Like Daly’s severe opinion of trans* people as dupes of the medical industry (which Kittywampus cites in her post), Showalter also seemed to be taken with the idea that people with CFS are somehow being duped into thinking that they are ill because of the media focus on their condition. She wrote that many CFS patients and their defenders are “hostile to psychiatric or social explanations” of the condition, and that many of them react in a way that is not friendly to the labeling of CFS as “psychiatric” (128). However, the reactions of these same patients make sense if considered from a non-abled perspective. Showalter also seemed completely mystified by these “hostile” reactions. If CFS is just a manifestation of “fin seicle anxiety,” as she contended (adding that “emotions have tremendous power over the body”) she seemed to push the conclusion — without any scientific or medical proof — that many people with CFS have somehow been brainwashed into believing they have it; thus, the media-driven “hysterical epidemic” has worked.

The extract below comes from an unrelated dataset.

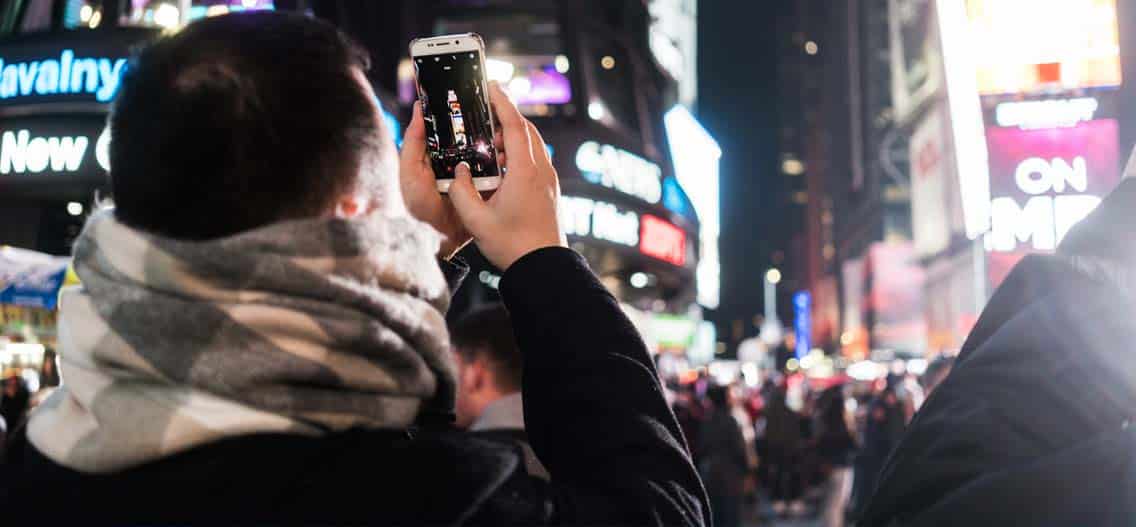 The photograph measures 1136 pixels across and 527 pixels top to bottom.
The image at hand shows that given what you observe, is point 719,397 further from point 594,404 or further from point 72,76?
point 594,404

Nowhere are feminists with Chronic Fatigue Syndrome or related conditions consulted; the not-so-feminist implication here is that feminists with Chronic Fatigue Syndrome either do not exist or are just victims of a “hysterical” media-led epidemic and therefore cannot be “real” feminists. This is similar to how trans* feminists were erased, excluded and castigated by Daly as somehow not “real” women or feminists, and as benefiting from patriarchy in a way that “real” women and feminists could not. To put it crudely: This is exclusionary bullcrap, and it does not do trans* people, people with disabilities, feminists who fit either (or both) of these categories, or the feminist movement as a whole any favors whatsoever.

Exclusion is not radical. It has never been radical. It is, in fact, extraordinarily status-quo. No one should be able to arbitrarily pick and choose who “belongs” in the feminist movement and who does not, especially if those who are being excluded because of their gender identity, sexual identity or disability actively identify as feminist. Feminism should be for a wide variety of people; exclusion, however, is something that is not — and has never been — very  feminist.

Author’s note: I will be moderating this thread with an iron fist; please have the courtesy to not try to tell me how Daly really was an ally to trans* folks, or how Showalter didn’t mean what she said about CFS *that* way, or that either author’s influence on the feminist movement somehow excuses their hatred and bigotry. Thank you.